Importante ressaltar que Eco, em “Seis Passeios pelo Bosque da Ficção” —onde Bosque” é uma metáfora para o texto narrativo— diz que o Leitor tem inteira li­berdade de escolha em relação ao livro que está lendo. E que essa liberdade é possível precisamente “porque os Leitores se dis­põem a fazer suas escolhas no bosque da narrativa, acreditando que algumas delas serão mais razoáveis que outras”.

Para tanto, Eco vê o Leitor classificado em duas categorias: O Leitor-Empírico e o Leitor-Modelo.

O Leitor empírico é você, eu, todos nós, quando lemos um texto. O Leitor-Empírico é aquele que realiza uma leitura específica e pessoal de determinada obra. Os Leitores-Empíricos leem de múltiplas formas e não existe lei que decida como devem ler. Isso, porque, regra geral, aproveitam o texto como um continente de suas próprias paixões, externas ao texto ou instigadas pelo próprio texto.

Por sua vez, o Leitor-Modelo de uma história não é o Leitor-Empírico. É, sim, aquele que o texto pressupõe como seu leitor ideal. O Leitor-Modelo de Eco (1979), não só figura como interagente e colaborador do texto; “mas, muito mais — e, em certo sentido, menos —, ele brota do texto, sendo o suporte de sua estratégia de interpretação”. O Leitor-Modelo seria, dessa forma, capaz de movimentar-se interpretativamente conforme ele, o Autor, se movimentou gerativamente. Prever o próprio Leitor-Modelo, de acordo com Eco, não significa somente “esperar” que esse exista, mas, implica que se deve mover o texto no sentido de construí-lo.
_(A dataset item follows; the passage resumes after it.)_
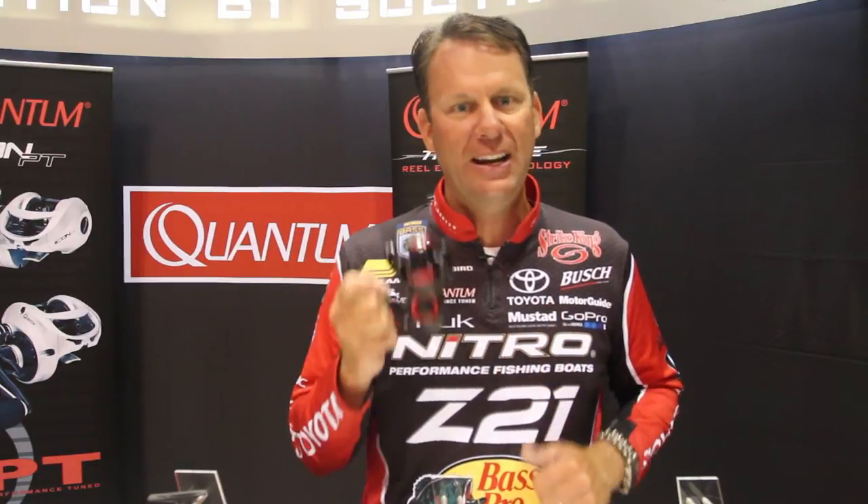This reel right here is an incredibly performing reel. It comes in both a 20 and a 30 size, and it's only 59 bucks. It's brand new from Quantum — it's the new Throttle. You got to check it out.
Eco exemplifica o Leitor-Modelo em Finnegans Wake, de James Joyce, dizendo que “esta obra projeta um leitor ideal que disponha de muito tempo, tenha perspicácia associativa com uma enciclopédia vasta, consiga fazer leituras cruzadas, domine a língua inglesa e possua um dicionário de pelo menos duas mil palavras desta língua”. Fácil entender que quando referida ao Leitor não postulado, a obra ou torna-se ilegível ou torna-se outro livro.

Vale acrescentar, ainda, que nós Leitores-Empíricos —eu, vocês— contamos com dois Autores:

Um, o Autor-Empírico, como sujeito da enunciação textual, que cria hipoteticamente um Leitor-Modelo e, ao fazê-lo, arquiteta seu texto com uma estratégia textual. Sendo mais claro, o Autor-Empírico é uma entidade objetiva que registra a história e resolve que Leitor-Modelo lhe toca estabelecer.

Outro autor, o Autor-Modelo, que age para nos dizer quais locuções colocadas no texto devem servir como estímulos para nossa imaginação e para nossas reações físicas. Ele, o Autor-Modelo, aparece como uma estratégia narrativa, um “conjunto de instruções, que nos são dadas passo a passo e que devemos se­guir quando decidimos agir como o Leitor-Modelo”. No final, pode-se entender o Autor-Modelo tam­bém como um determinado estilo, claro e inconfundível.

Importante é que o leitor empírico pode atribuir diferentes sentidos à obra, sejam eles acenados pela enunciação, ou pela cultura, pelo “espírito do tempo”, ou pelo “horizonte de expectativas”, por motivações pessoais, etc, e que, dessa forma, não há limites para a interpretação, que se constitui, como via de consequência, em um processo aberto e cooperativo entre autor, texto e leitor.

Recife, setembro de 2018.

 

 

 

 

Uma ideia sobre “O Leitor Ideal e o Autor Ideal

  1. Muito boa a explanação. Parabéns. Entender a diferença entre os dois tipos de leitor é até fácil, mas diferenciar os dois tipos de autores, achei uma tarefa mais complexa.